> [Assignment] Go to the line containing "El 20 de noviembre" below; retype it and all following lines exactly, and leave out the pictures.

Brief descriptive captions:
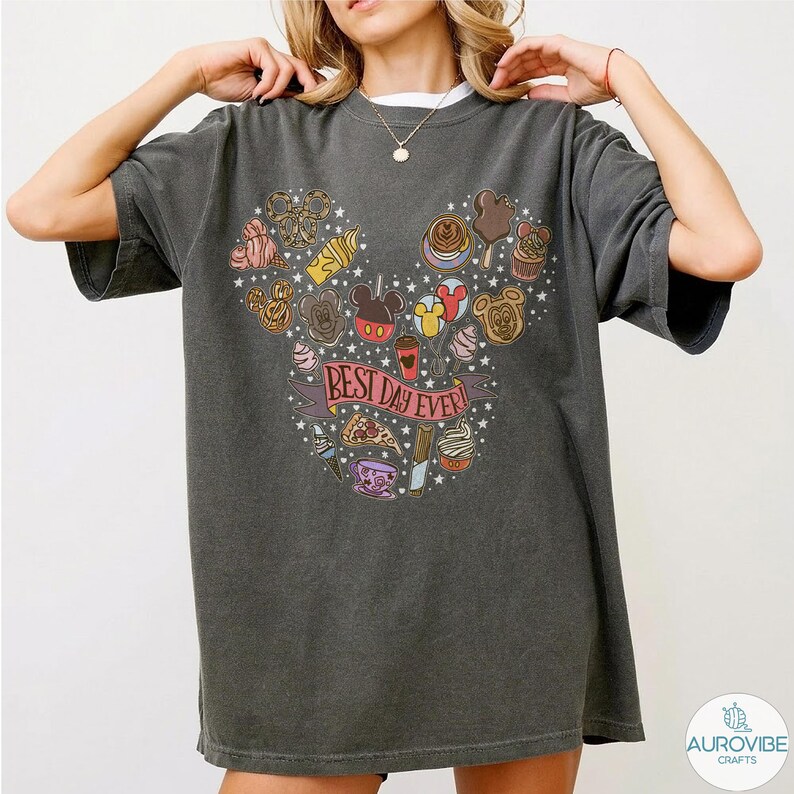 May include: A charcoal gray short-sleeve t-shirt featuring a graphic print of various snacks and treats arranged in a Mickey Mouse head shape. A pink banner across the center contains the text "BEST DAY EVER!" surrounded by small white stars.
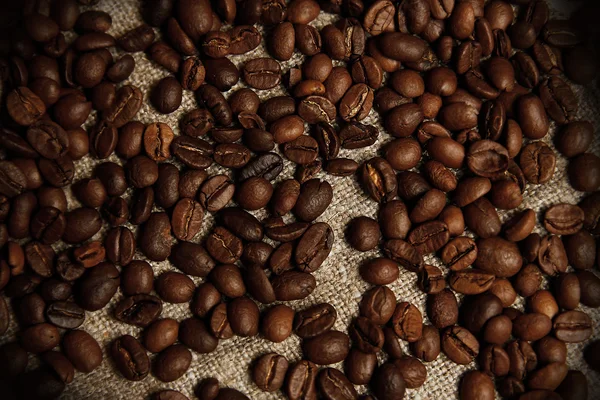 Koffiebonen op doek — Stockfoto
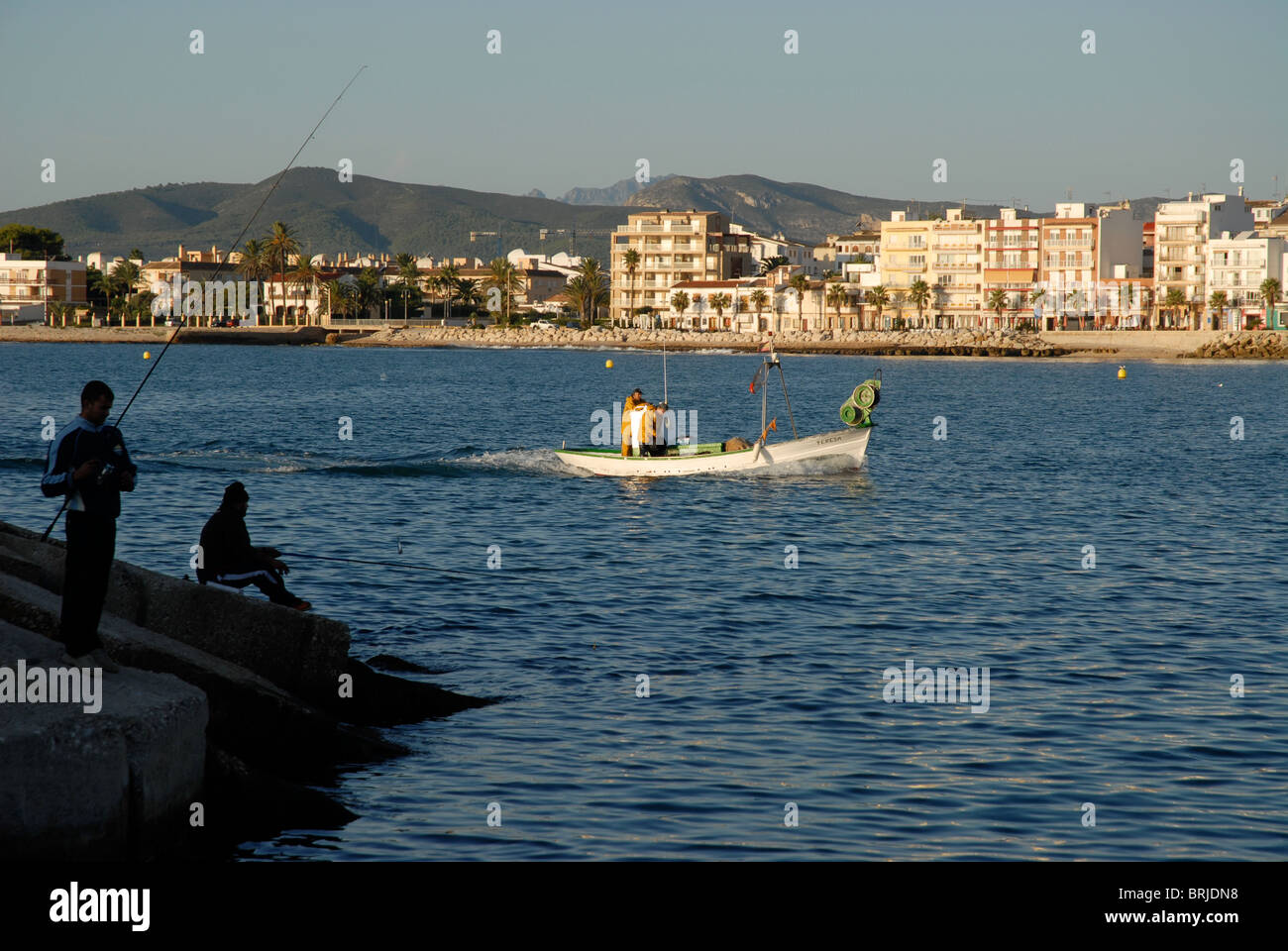 La pesca dalla scogliera, e piccole barche da pesca, Javea / Xabia, Provincia de Alicante, Comunidad Valenciana, Spagna Foto Stock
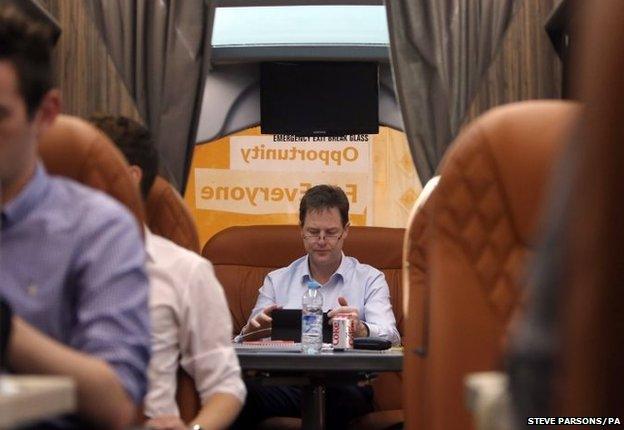 Leader of the Liberal Democrats Nick Clegg works on the battle bus after a visit to Bodmin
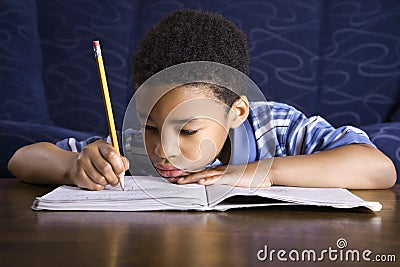 Boy Doing Homework Stock Photo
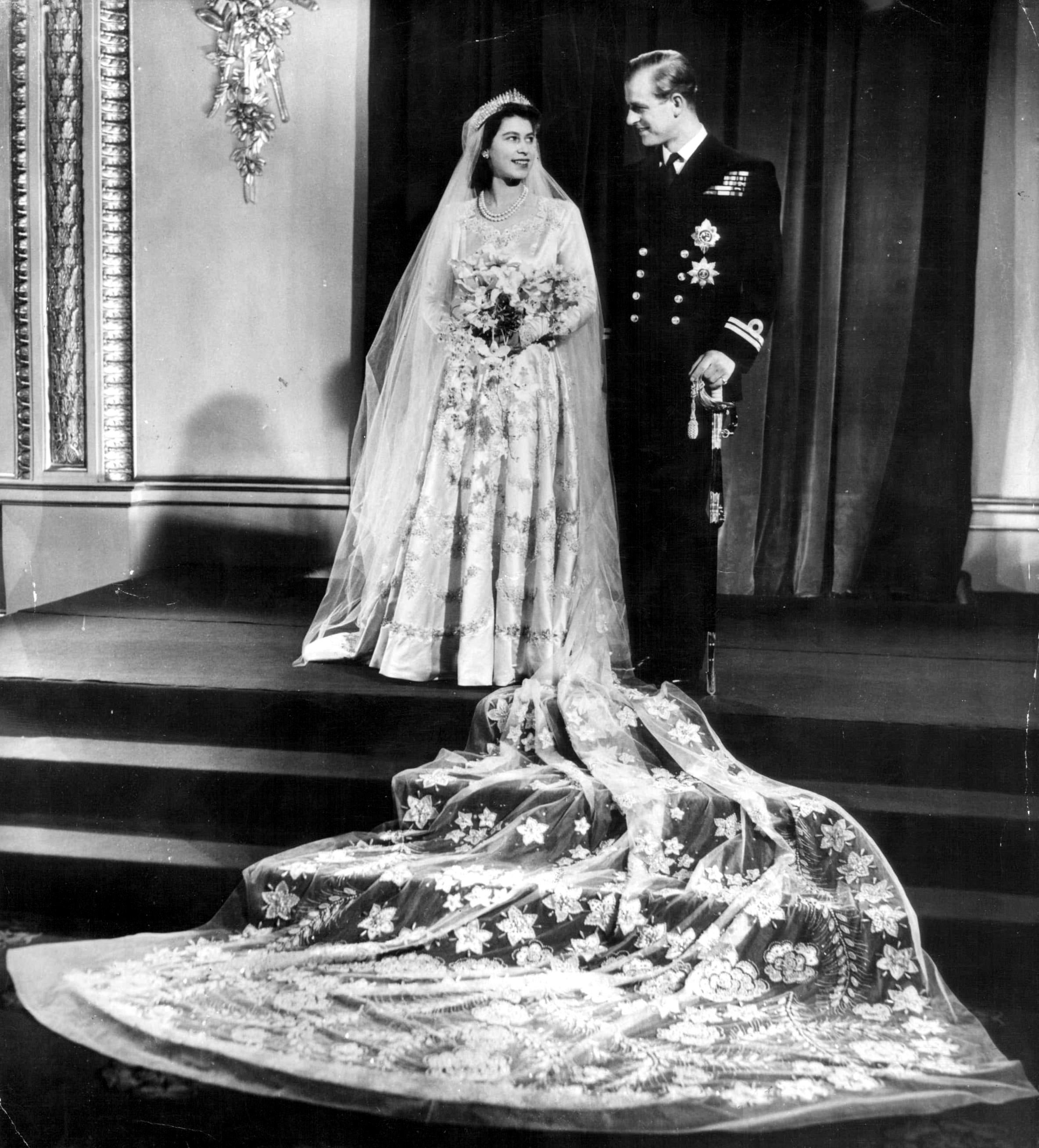 El 20 de noviembre de 1947, Isabel II y Felipe de Edimburgo se convertían en marido y mujer en la Abadía de Westminster, un día en el que sin duda el vestido de la novia era una las piezas clave. La Reina se decantó por un vestido de escote corazón y mangas ajustadas firmado y hecho a medida por Norman Hartnell para la ocasión. Para confeccionarlo fueron necesarias varias semanas y cientos de costureras. Entre los detalles más llamativos se encuentra las 10.000 perlas bordadas que llevaba el diseño, incrustaciones de cristal y lentejuelas. Según los rumores, el creador se habría inspirado en 'La primavera' de Botticelli para idearlo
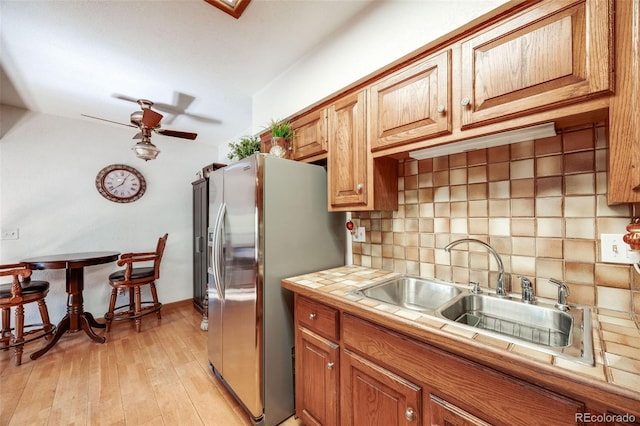 kitchen with brown cabinetry, decorative backsplash, a ceiling fan, stainless steel refrigerator with ice dispenser, and a sink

> [Result of this exercise]
 El 20 de noviembre de 1947, Isabel II y Felipe de Edimburgo se convertían en marido y mujer en la Abadía de Westminster, un día en el que sin duda el vestido de la novia era una las piezas clave. La Reina se decantó por un vestido de escote corazón y mangas ajustadas firmado y hecho a medida por Norman Hartnell para la ocasión. Para confeccionarlo fueron necesarias varias semanas y cientos de costureras. Entre los detalles más llamativos se encuentra las 10.000 perlas bordadas que llevaba el diseño, incrustaciones de cristal y lentejuelas. Según los rumores, el creador se habría inspirado en 'La primavera' de Botticelli para idearlo
 kitchen with brown cabinetry, decorative backsplash, a ceiling fan, stainless steel refrigerator with ice dispenser, and a sink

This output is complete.